There are times in our marriage that we will have a heated argument with our spouse, but we must resist completely losing our cool. Many times, we end up threatening one another with things like…
“If you don’t do ______, then I won’t sleep with you.”
or,
“If you do _________, then I am going to take the kids to my mom’s house.”
or, the worst,
“If you __________, then I am going to divorce you.”
This only incites anger in each other and brings healthy communication to a screeching halt. We also end up spewing “word vomit” all over each other, and those hurtful threats are hard to forgive, much less forget.
DO: Let your partner finish his/her statements and calmly share your feelings as well.
If we want to come to a compromise, then we have to try and understand our spouse’s thoughts and feelings. This can only happen when we allow them to speak freely, without interruptions or dirty looks from us. Even if we completely disagree with how they perceive a certain situation, we need to listen intently. When both partners do this calmly, then the line of communication remains wide open, and we will be able to resolve the argument.
2. When you feel like he/she isn’t listening to you at all…
DON’T: Let your anger take over and start screaming at each other.
I don’t know about you, but I tend to stop listening when someone starts yelling at me. I end up shutting down mentally and emotionally. This seems to be the case with most people. Yelling also puts us in “fight or flight” mode. We either approach the argument with our boxing gloves on or we run away and try to act like nothing is wrong. Neither is an effective way to handle an argument.
DO: Ask your partner for a five or ten-minute break and go find a quiet place, alone, to calm down.
It’s hard to think clearly when we are upset, and we often end up saying things that we can never take back. If we end up in a loud, heated exchange with our partner, it’s best to speak up and ask for a five or ten-minute break from each other. Then, both partners can find a quiet place to calm down, gather their thoughts, pray, and think about what they want the outcome of the disagreement to be.
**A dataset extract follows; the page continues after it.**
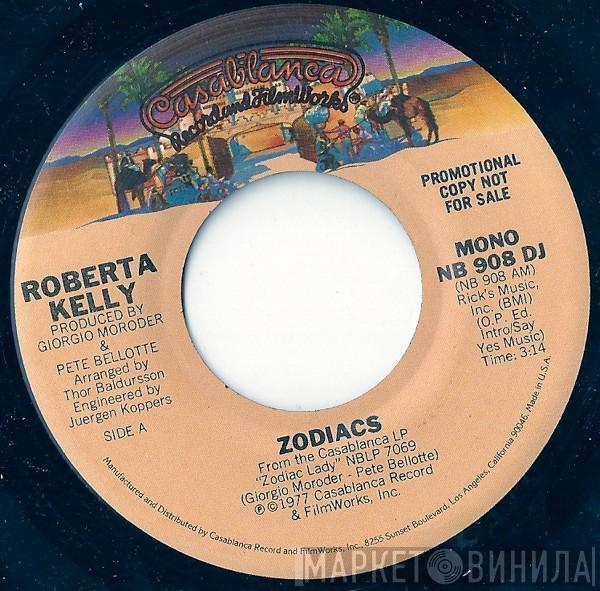  Roberta Kelly  - Zodiacs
This keeps the yelling and hurtful comments at bay, and sometimes, we end up realizing that what we’re arguing about really isn’t that important. On the other hand, if we are disagreeing about a major decision or factor in our marriage and family, the pause in the argument will help us to see things more clearly. Also, if you still feel frazzled and angry after ten minutes, take more time until you calm down and are in a better state of mind to communicate.
3. When you and your spouse are at a standstill, and you can’t seem to resolve the disagreement…
DON’T: Call your Mom or Dad.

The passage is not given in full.